A Christian is one who has been justified by Christ dying on the cross for their sin. Justification—by which we mean God’s forgiveness of our sinful past together with His acceptance for the future—is the primary and fundamental blessing of salvation because it meets our primary spiritual need. We all stand by nature under God’s judgment; so we need the forgiveness of our sins and assurance of a restored relationship with God more than we need anything else in the world; and this the gospel offers us before it offers us anything else.
As wonderful as justification is, God doesn’t stop there, but he adopts us as his children! Sonship to God, or in other words adoption, is not a universal status into which everyone enters by natural birth, but a supernatural gift which one receives through receiving Jesus. “No one comes to the Father”—is acknowledged by God as a child— “except through me” (John 14:6). Sonship to God, then, is a gift of grace. It is not a natural but an adoptive sonship. Salvation is not just one transaction, but a life lived with God.
The Father’s Love
Take a moment to imagine God the Father thinking about you. What do you assume God feels when you come to His mind?
Many assume God feels disappointment or frustration, while others assume nothing specific at all. Regardless of what you might think, the reality is that when God thinks of you, a smile comes to His face, love swells in His heart as He takes great delight in you! (Zeph 3:17) Our Father God longs for you. God knows you are a sinner, but He sees you through the eyes of love and your sins do not reduce His love for you. What a difference it makes when you realize that God delights in you!
A great illustration of this love of God is floating in water. The key to floating is not skill, but laying back and letting go of our instinct to thrash about. It is only when we let go and put our full weight on the water that we discover that we are supported. We are surrounded by the river of our Father’s love, and we float without having to do anything because we are supported and carried by His love!

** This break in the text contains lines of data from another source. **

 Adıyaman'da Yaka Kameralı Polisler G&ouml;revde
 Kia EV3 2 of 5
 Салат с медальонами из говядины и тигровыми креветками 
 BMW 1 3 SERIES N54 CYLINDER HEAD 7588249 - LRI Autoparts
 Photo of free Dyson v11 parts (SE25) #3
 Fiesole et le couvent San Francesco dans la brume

The roots and foundations of our Christian lives are in this love of God (Eph 3:17). The fact that you are deeply and extravagantly loved by the Father is the core of your identity and the foundation of Christian spirituality.

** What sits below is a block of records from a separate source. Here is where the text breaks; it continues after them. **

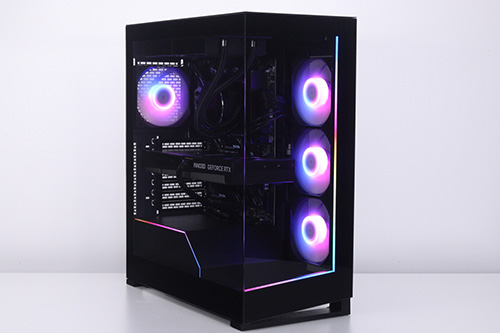 黒”で見た目にこだわったゲーミングPCならコレ！LEDも映えるピラーレス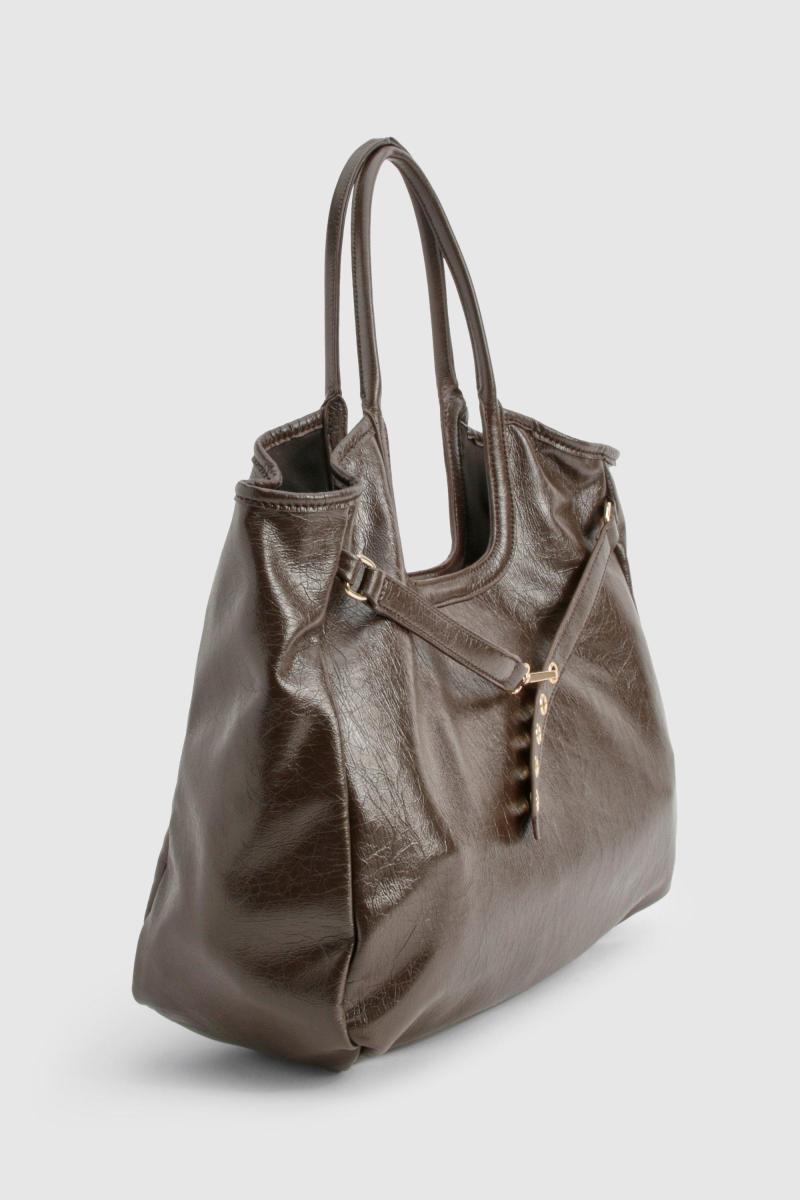 Сумка через плече з деталями з поліуретанового ремінця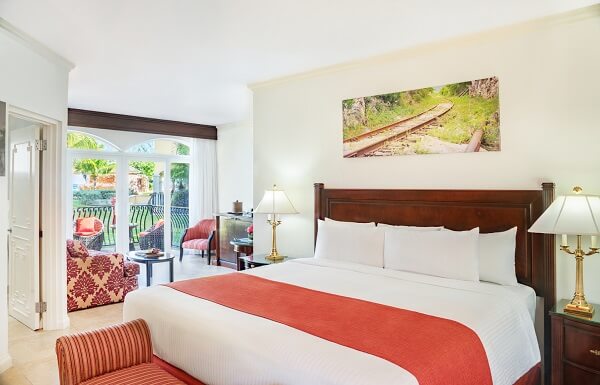 BUTLER SERVICE JUNIOR SUITE
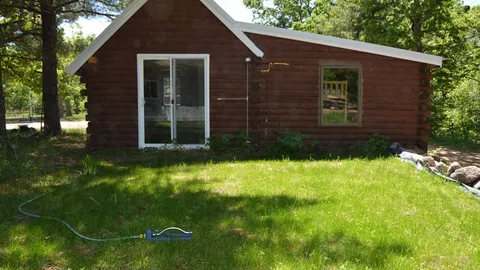 Rustic Cabin — image 2 of 8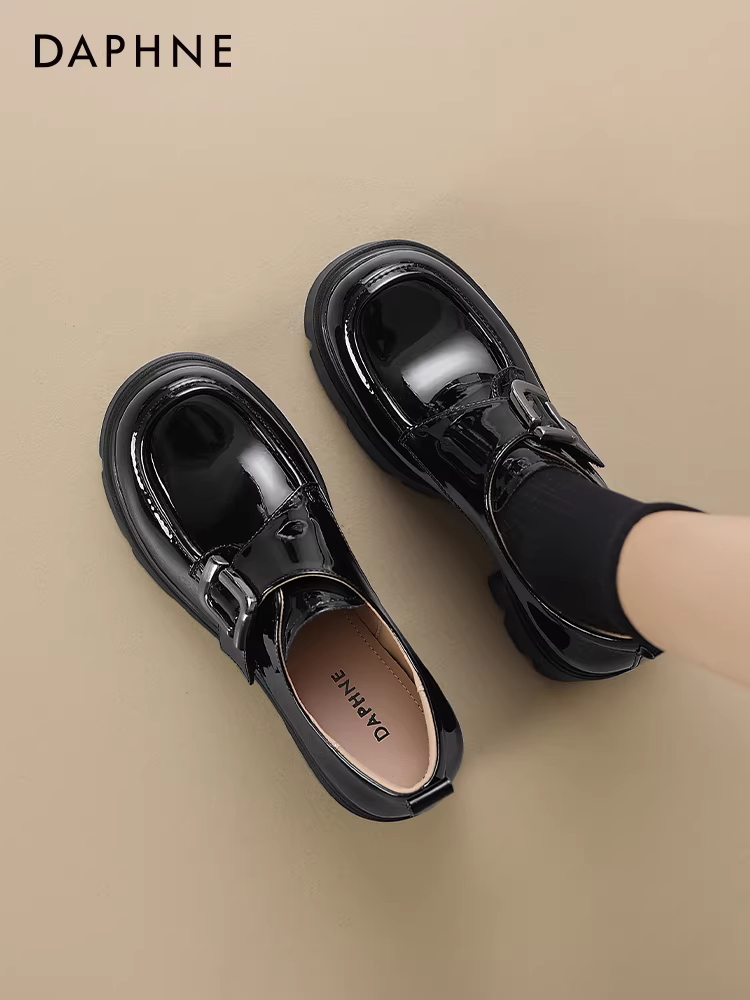 Giày lười đế dày kiểu Anh Daphne dành cho nữ, mẫu mới thu đông 2025, tăng chiều cao, gót dày, đa năng, chất liệu da đen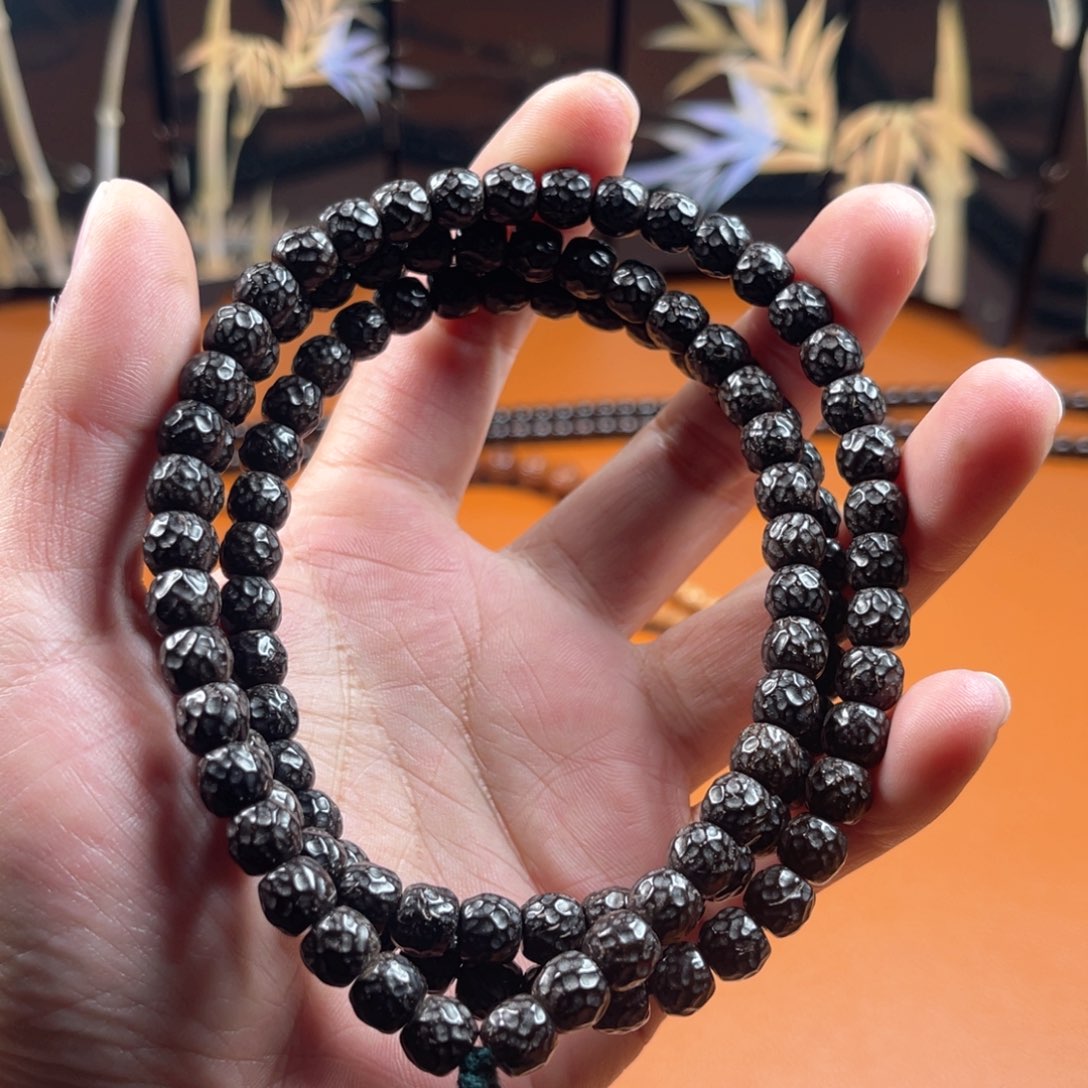 椰蒂吊坠1837374683838383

The Benefits of Being a Child of God
To those who are Christ’s, the holy God is a loving Father: they belong to his family and may approach Him without fear and always be sure of His fatherly concern and care. This is the heart of the New Testament message. There are endless blessings we receive as the children of God, but here are just a few:
1. Intimacy
The heart of the New Testament, adoption, is a family idea conceived in terms of love and with God as Father. In adoption, God takes us into His family and fellowship--He establishes us as his children and heirs. Closeness, affection and generosity are at the heart of this relationship. To be right with God the Judge is a great thing, but to be loved and cared for by the Father is greater.
There is a great difference between a servant and a friend, and also between that of a servant and a son. Jesus says that a closer and dearer intimacy than that of a master and servant exists between Him and his people: “Henceforth I call you not servants: for the servant knows not what his Lord does: but I have called you friends” (John 15:15). Then, still an even closer and dearer relation exists due to adoption; for “you are no more a servant, but a son, and an heir of God through Christ” (Gal 4:7).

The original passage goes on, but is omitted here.